If Trump’s team is not alarmed by the speed and sweeping nature—not to mention the almost dismissive tone—of the two judgments against the president, it should be. Trump’s strategy on a variety of fronts has been to take extreme positions denying congressional authority to investigate the president. On Monday, for example, the Department of Justice’s Office of Legal Counsel concluded that the president’s senior advisers are immune from subpoenas to testify about their official duties. Buried on Page 9 of the memo was an admission that the only court to consider this issue had ruled to the contrary. Hiding an unfavorable precedent in this manner might work on a first-year law student, but it won’t fool a federal judge.

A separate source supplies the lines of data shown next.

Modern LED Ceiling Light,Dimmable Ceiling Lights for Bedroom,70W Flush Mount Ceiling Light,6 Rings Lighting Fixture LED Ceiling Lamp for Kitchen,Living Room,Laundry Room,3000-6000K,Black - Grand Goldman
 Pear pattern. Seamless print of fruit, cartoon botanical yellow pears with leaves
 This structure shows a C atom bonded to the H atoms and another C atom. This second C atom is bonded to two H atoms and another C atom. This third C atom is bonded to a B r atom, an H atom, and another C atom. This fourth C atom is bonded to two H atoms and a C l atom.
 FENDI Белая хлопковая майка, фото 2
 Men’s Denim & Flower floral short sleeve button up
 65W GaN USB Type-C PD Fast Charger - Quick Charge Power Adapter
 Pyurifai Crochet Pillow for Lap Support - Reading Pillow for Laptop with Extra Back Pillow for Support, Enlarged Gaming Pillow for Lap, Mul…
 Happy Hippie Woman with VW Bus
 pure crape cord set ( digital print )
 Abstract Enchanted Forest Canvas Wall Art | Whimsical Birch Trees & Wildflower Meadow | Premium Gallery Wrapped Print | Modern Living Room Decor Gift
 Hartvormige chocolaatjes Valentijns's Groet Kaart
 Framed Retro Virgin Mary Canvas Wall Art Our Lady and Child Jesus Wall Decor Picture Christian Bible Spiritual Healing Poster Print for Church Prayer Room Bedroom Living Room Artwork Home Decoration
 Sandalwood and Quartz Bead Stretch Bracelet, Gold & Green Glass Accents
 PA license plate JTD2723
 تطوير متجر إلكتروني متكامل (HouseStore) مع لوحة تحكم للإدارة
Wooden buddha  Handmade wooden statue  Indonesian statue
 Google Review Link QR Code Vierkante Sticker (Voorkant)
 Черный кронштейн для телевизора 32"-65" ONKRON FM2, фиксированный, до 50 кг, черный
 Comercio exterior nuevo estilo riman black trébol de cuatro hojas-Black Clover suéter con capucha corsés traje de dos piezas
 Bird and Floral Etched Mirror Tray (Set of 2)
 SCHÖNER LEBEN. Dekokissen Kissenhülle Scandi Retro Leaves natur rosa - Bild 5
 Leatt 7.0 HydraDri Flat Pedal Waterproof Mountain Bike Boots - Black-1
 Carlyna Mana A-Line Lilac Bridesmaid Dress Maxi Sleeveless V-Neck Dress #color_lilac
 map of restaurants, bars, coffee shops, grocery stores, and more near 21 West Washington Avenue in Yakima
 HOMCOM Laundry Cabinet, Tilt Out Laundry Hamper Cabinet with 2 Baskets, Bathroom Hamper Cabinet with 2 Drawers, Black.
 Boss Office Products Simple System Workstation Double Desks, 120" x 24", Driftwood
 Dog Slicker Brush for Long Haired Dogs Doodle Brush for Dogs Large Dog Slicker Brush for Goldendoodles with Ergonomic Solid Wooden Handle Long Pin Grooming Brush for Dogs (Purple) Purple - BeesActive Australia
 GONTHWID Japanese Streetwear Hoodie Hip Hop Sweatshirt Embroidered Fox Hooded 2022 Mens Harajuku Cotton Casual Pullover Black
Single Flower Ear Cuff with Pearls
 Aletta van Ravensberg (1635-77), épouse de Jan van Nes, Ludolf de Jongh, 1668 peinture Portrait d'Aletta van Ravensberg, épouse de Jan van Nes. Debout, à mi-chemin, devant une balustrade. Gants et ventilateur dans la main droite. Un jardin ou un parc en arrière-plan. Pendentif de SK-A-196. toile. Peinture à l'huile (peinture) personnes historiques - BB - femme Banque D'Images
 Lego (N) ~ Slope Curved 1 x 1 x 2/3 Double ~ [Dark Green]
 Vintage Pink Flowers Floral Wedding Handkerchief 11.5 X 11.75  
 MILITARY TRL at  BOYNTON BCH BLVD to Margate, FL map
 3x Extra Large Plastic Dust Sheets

Last week, White House counsel Pat Cipollone, arguing against having to produce the full Mueller Report and underlying materials, said the House Judiciary Committee lacked any “legislative purpose” for investigating Trump’s conduct as detailed in the Mueller report. He accused the House Judiciary of conducting a “pseudo law enforcement investigation.” Sound familiar?
The Achilles’ heel of Trump’s strategy is that his extreme positions are not fact-specific or nuanced and are easily disposed of as legally groundless.